## [Information shown]
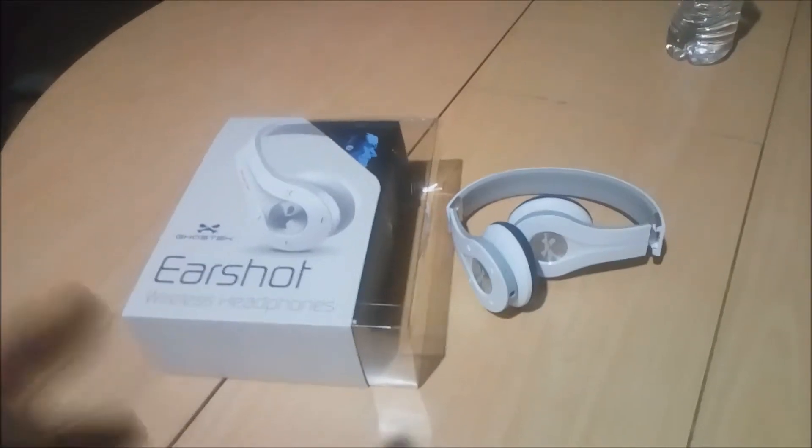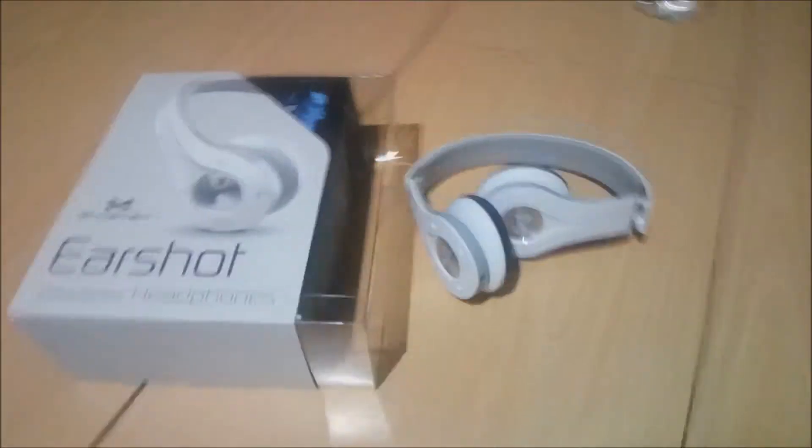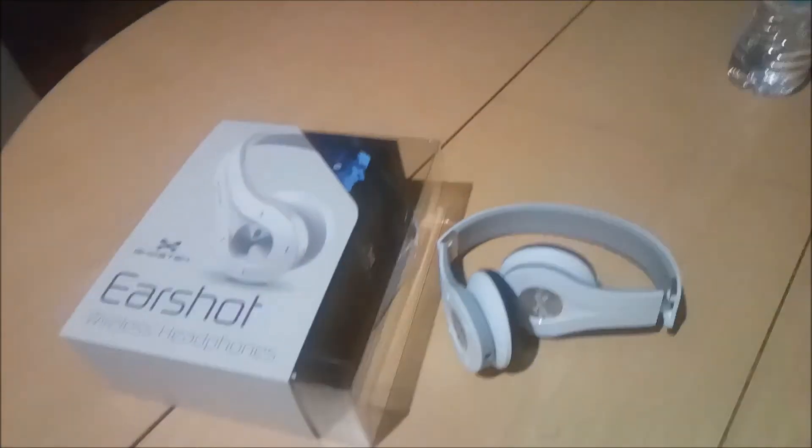Quality — they have a nice little weight to them. But I'm sending them back, and that's only for one reason: they're on-ear style headphones. Pressed up against my left ear, they started getting uncomfortable when I did a workout last night. I don't like that.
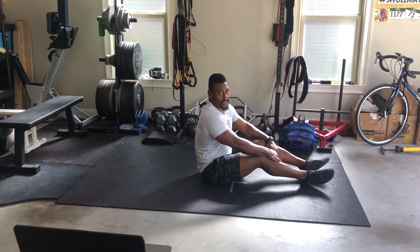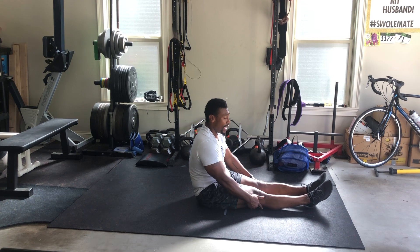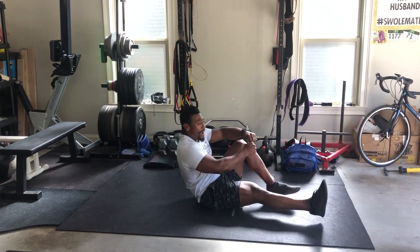Last movement is five V-sits. We're keeping the volume low because we want this one to be harder, a little bit more strict. Ideally arms over your head. We'll go to your hollow body position, come up to the top — knees, toes, and back. V-sit, five reps.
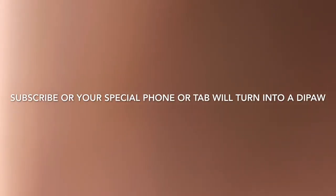Subscribe or your special phone tab will turn into a Deepaw. As you can see for...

## [Assignment]
With the pictures excluded, the line containing "Last movement is" and every line after it through the end of the data above are to be transcribed exactly, and nothing more.

## [Answer for the task]
Last movement is five V-sits. We're keeping the volume low because we want this one to be harder, a little bit more strict. Ideally arms over your head. We'll go to your hollow body position, come up to the top — knees, toes, and back. V-sit, five reps.
Subscribe or your special phone tab will turn into a Deepaw. As you can see for...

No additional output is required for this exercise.